I went to Stockholm for the first time this summer, and while I was there I thought a lot about how the city is represented in A Man in Love. My question is: how much does your experience of place shape your writing, and, if practical considerations were no obstacle, is there anywhere in the world you would find particularly inspiring to live?

A very good question. The place is the most important thing in my writing - it always started with the place. Even when I'm writing about objects, it's important. My favourite quotation, from a Finnish writer for a change, by Pentti Saarikoski, he said "I'm not writing about the world and its places, I'm writing about the places and its worlds" – or something similar. And when I studied literature, my topic was literature and the place, and the local, the place where you are, has always been the most important thing in the writing. There's an interesting question by Bruno Latour who asks where the local goes out to be global - it's two different levels of existence. And I try to establish a place, a here and a now. What I like in literature is this, but before I could articulate that, I just felt it.

I read Kundera, and Knut Hamsen at the same time. Kundera is a classic postmodernist writer, he moves his character about; Hamsen is all about presence, no reflection, and I knew that was my preference. For me, all the reflections in my prose, is kind of a failure - it's the lack of ability to express it through flesh and blood and place. That's what I really want to do. That's what evokes the fantasy, and the writing itself - seeing a place.

It's interesting in regard to what we were taught in the beginning of the 90s at university, when it was all about language, and we looked at realistic novels and the notion of the language being transparent - if you read Flaubert you can see the town - it was seen as completely naive. It was about language and science, and this was a postmodernist time. I loved that, I dived into it - I love the feeling that my teacher was a quantum mechanic, and it had that feeling to reading the letters in that way. But then I went back to childhood reading experiences, all about visualisation, and feelings. And that's what I'm doing. And yes, it's naive too.

'I don't like myself'

Nicole R asks:

In the beginning of the first book in the “My Struggle” series, you become very upset when your parents invalidate the “face” in the sea you saw on television. Your writing reminds me of similarly raw feelings of invalidation I had long since forgotten since childhood. How do you think the invalidation that children feel affects them as adults?

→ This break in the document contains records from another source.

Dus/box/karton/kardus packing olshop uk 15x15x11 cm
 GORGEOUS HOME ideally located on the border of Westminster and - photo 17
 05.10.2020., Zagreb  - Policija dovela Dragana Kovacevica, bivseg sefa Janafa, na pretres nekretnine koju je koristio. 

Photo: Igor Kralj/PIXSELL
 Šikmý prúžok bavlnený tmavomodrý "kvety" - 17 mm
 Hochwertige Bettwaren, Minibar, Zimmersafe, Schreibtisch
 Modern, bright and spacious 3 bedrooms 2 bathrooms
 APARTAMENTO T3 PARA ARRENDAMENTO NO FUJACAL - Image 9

That's a good question. For me personally, it's such a big part of my personality, that my father did that all the time. In the end, it was like something was broken. Because as a child, the most important thing is to be accepted and loved, and if you're criticised you know something is wrong with you - it could be a dangerous thing, because it has to do with your self-esteem, and whether you like yourself, which I don't. Then you get children yourself, and you see it's so easy to do that. It's easy to see them as children - it's very easy to transfer the same feeling to them, and not understand the consequences. It's a constant thing in my life - trying to understand how they're feeling. You could make a joke about them, but it could crush them. Their feelings are much more connected to the world than mine are as an adult - I've learned to deal with things, and they haven't yet.

I don't like myself, no - that must be somehow rooted in my childhood experiences. I'm not blaming anyone, but yes, it comes from there I think. If I get drunk, I like myself, so I try to steer away from that.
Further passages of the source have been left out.